2

I am using R Data Analysis Examples: Ordinal Logistic Regression as a guide to do an ordinal logistic regression (ultimately in python using the rpy2 interface).

In the steps where they test the proportional odds assumption they create a table of the predicted estimates using the formula:

(s <- with(dat, summary(as.numeric(apply) ~ pared + public + gpa, fun=sf)))

One thing I noticed is that the behavior of the fun = argument was different if fun was upper cased. To see why, I looked at the source here: summary.R source, but only FUN = was found.

According to the UCLA site (in link above): "When R sees a call to summary with a formula argument, it will calculate descriptive statistics for the variable on the left side of the formula by groups on the right side of the formula and will return the results in a nice table. By default, summary will calculate the mean of the left side variable... However, we can override calculation of the mean by supplying our own function, namely sf to the fun= argument. The final command asks R to return the contents to the object s, which is a table."

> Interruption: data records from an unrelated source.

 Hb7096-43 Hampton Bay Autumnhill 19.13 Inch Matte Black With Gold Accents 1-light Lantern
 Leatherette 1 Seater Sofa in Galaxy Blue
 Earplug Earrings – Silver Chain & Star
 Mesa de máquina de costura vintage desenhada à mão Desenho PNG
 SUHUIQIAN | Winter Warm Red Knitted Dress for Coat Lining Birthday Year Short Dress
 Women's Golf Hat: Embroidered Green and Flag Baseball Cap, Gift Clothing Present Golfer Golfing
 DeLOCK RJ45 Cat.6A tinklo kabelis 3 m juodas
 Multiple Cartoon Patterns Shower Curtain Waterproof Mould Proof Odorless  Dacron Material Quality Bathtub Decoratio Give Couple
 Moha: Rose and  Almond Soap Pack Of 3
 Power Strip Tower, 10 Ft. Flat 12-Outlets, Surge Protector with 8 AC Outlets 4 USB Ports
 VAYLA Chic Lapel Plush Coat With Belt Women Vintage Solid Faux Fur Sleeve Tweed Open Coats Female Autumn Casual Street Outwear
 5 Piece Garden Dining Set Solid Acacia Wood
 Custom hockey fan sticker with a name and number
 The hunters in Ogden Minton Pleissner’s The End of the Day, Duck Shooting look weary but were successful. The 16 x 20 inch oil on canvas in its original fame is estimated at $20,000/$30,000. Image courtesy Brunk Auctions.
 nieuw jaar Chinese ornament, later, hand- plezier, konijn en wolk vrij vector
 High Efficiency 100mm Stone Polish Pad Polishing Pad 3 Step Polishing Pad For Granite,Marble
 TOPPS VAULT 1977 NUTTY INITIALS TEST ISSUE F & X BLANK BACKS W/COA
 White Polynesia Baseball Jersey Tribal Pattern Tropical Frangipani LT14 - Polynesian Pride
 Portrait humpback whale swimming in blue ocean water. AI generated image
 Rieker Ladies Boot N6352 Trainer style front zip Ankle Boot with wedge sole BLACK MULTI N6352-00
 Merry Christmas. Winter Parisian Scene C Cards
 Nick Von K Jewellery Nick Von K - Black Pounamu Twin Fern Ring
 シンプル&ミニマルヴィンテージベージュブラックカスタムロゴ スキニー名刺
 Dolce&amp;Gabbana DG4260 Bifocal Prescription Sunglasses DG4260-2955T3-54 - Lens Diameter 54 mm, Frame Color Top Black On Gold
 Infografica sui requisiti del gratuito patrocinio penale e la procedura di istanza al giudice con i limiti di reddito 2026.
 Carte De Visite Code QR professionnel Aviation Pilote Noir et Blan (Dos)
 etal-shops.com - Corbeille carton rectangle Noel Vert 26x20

I understand what this is doing, but I am not sure where the argument fun = is in terms of the source code (FUN seems to be the default, giving the left side of the formula and disregarding the function sf). Where is this override located? And is this actually documented some place? If so, where, since it is not obviously in the help documentation. This is the first time I've looked at the R source, so I will freely admit that I am clueless.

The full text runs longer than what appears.